I can think of several tools that could be application-neutral and very
useful:

- a tool that prints the hierarchy of blocks and their sizes in the file

- a tool that does more sophisticated space usage analysis.  For
  example, how much space are the abbreviations saving?  Could the file
  be more efficiently packed with different VBR choices?  Or with
  different abbreviations?  It could even spit out a file that is 
  semantically identical but smaller.

- a tool that dumps selected blocks from the file (possibly giving you 
  fine-grained control over what blocks, how many records from each 
  block, etc).

- a tool for creating arbitrary bitcode files by reading textual input 
  on stdin written in some language that is isomorphic to bitcode.  This
  could be useful for things like constructing bitcode files that don't
  follow the expectations of your application, so you can test that your
  application handles such corruption gracefully.

I know there must already be bitcode files flying around, and so I can 
see the difficulty of making any changes to the format.  What if we just
said that BC (2 bytes) is the magic number for the Bitcode format, and
that 0xC0DE (2 bytes) is the application-specific magic number for LLVM?

> > - the LLVM code assumes that several VBR fields can be at most 32 bits 
> >   (block ids, number of elements in an array, etc).  These assumptions
> >   seem quite reasonable: can they be considered part of the format and
> >   added to the document?
> 
> I don't see why not. The llvm bitcode documentation is specific to llvm
> anyway so the limits should be defined. 

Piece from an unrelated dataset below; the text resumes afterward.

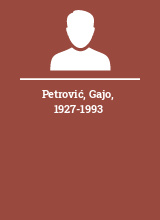 Petrović Gajo 1927-1993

Hmm, the Bitcode documentation [0] seems to contain both application-neutral
and LLVM-specific parts.  Specifically, only section 4 of that document
seems specific to LLVM.

In any case, when I submit my patch to that document, I'll put any
of these assumptions that seem supremely reasonable in there and see
what the feedback is.  I'm especially interested to hear from Chris,
since he wrote that document (and I assume designed the format).

> Thanks for your interest, Joshua.

Thanks for encouraging my participation.  And you can call me Josh.  :)

Josh

[0] http://llvm.org/releases/2.0/docs/BitCodeFormat.html